Objectives: (1) To compare the prevalence of self-reported CVD, diabetes, hypertension, fair/poor perceived health status, and current tobacco use from three surveys of American Indians - two in the Southeast (Catawba Diabetes and Health Survey [CDHS] and Lumbee Diabetes and Health Survey [LDHS]) and one in the upper Midwest (Inter-Tribal Heart Project [ITHP]). (2) To compare the prevalence estimates from the CDHS, LDHS, ITHP with those for the corresponding state populations (South Carolina, North Carolina, Minnesota and Wisconsin, respectively) derived from the Behavioral Risk Factor Surveillance System (BRFSS).

Methods: Pearson's Chi-square analyses were used to detect statistically significant differences in the age-adjusted prevalence estimates across the study populations.

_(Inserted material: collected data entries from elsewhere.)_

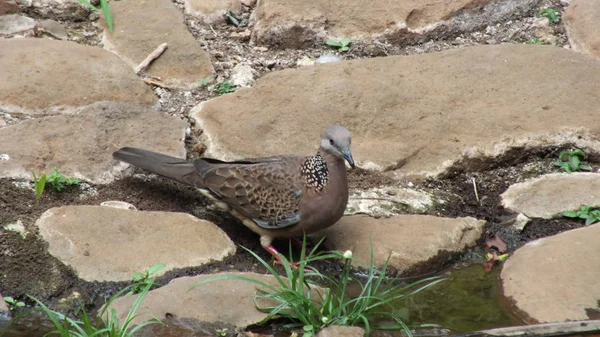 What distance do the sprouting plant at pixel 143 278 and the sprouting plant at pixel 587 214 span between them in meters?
2.14

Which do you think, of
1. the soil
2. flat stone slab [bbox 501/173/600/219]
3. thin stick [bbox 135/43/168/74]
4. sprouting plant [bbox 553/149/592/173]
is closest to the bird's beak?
the soil

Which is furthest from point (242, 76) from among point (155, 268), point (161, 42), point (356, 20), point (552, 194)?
point (552, 194)

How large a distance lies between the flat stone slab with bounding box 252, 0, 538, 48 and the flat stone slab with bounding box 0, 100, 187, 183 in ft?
3.54

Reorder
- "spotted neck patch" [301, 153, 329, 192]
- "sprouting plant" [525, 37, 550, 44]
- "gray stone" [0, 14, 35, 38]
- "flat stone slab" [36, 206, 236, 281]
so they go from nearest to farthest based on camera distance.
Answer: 1. "flat stone slab" [36, 206, 236, 281]
2. "spotted neck patch" [301, 153, 329, 192]
3. "gray stone" [0, 14, 35, 38]
4. "sprouting plant" [525, 37, 550, 44]

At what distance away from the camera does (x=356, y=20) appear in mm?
6016

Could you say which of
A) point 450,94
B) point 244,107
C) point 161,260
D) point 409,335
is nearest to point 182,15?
point 244,107

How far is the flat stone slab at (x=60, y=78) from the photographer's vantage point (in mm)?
5176

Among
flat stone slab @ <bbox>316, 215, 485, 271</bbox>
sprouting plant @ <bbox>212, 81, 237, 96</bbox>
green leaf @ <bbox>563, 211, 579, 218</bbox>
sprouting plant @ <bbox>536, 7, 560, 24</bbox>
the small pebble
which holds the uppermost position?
sprouting plant @ <bbox>536, 7, 560, 24</bbox>

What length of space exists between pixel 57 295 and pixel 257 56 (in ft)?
8.06

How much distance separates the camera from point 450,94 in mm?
5449

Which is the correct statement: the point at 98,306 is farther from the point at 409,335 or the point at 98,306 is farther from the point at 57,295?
the point at 409,335

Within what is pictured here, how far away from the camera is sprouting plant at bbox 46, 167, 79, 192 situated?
4.66 meters

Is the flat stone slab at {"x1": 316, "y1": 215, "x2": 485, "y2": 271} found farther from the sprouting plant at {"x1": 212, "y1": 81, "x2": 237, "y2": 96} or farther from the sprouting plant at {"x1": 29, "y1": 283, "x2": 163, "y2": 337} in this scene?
the sprouting plant at {"x1": 212, "y1": 81, "x2": 237, "y2": 96}

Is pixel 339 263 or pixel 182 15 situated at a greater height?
pixel 182 15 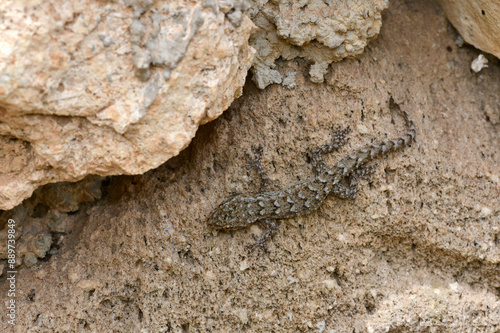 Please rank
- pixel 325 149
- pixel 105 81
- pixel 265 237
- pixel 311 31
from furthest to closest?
pixel 325 149 < pixel 265 237 < pixel 311 31 < pixel 105 81

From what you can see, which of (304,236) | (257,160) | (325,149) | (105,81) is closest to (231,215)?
(257,160)

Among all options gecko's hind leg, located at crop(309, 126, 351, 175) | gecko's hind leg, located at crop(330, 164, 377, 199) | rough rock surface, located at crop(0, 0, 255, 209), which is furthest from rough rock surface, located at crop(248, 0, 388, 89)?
gecko's hind leg, located at crop(330, 164, 377, 199)

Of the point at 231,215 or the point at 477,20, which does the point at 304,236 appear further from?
the point at 477,20

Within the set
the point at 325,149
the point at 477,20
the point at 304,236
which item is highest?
the point at 477,20

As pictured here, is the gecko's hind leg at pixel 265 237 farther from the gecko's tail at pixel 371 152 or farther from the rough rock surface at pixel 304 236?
the gecko's tail at pixel 371 152

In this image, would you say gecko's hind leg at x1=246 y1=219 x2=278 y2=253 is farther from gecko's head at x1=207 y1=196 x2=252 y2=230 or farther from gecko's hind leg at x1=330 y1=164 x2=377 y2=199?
gecko's hind leg at x1=330 y1=164 x2=377 y2=199

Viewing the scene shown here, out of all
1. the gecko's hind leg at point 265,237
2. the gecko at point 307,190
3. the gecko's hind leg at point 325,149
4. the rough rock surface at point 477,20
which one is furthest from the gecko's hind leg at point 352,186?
the rough rock surface at point 477,20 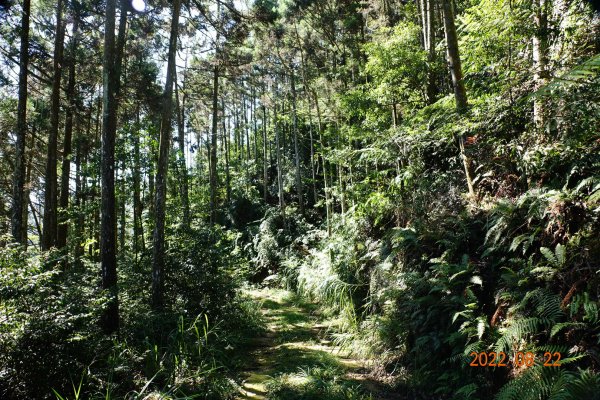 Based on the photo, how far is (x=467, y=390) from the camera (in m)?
3.65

Results: Among these three populations of American Indians, the ITHP participants had the highest prevalence estimates of diabetes (20.1%) and current cigarette smoking (62.8%). The CDHS participants had the highest prevalence estimate of fair/poor perceived health status (32.0%). The LDHS participants had the highest prevalence estimate of chewing tobacco use (14.0%), and the lowest prevalence of CVD. The prevalence estimates of self-reported diabetes were dramatically higher among American Indian participants in the ITHP (20.1%) and CDHS (14.9%) than among participants in the corresponding state BRFSS (5.8% MN and WI and 6.6% SC), as were the estimates for hypertension.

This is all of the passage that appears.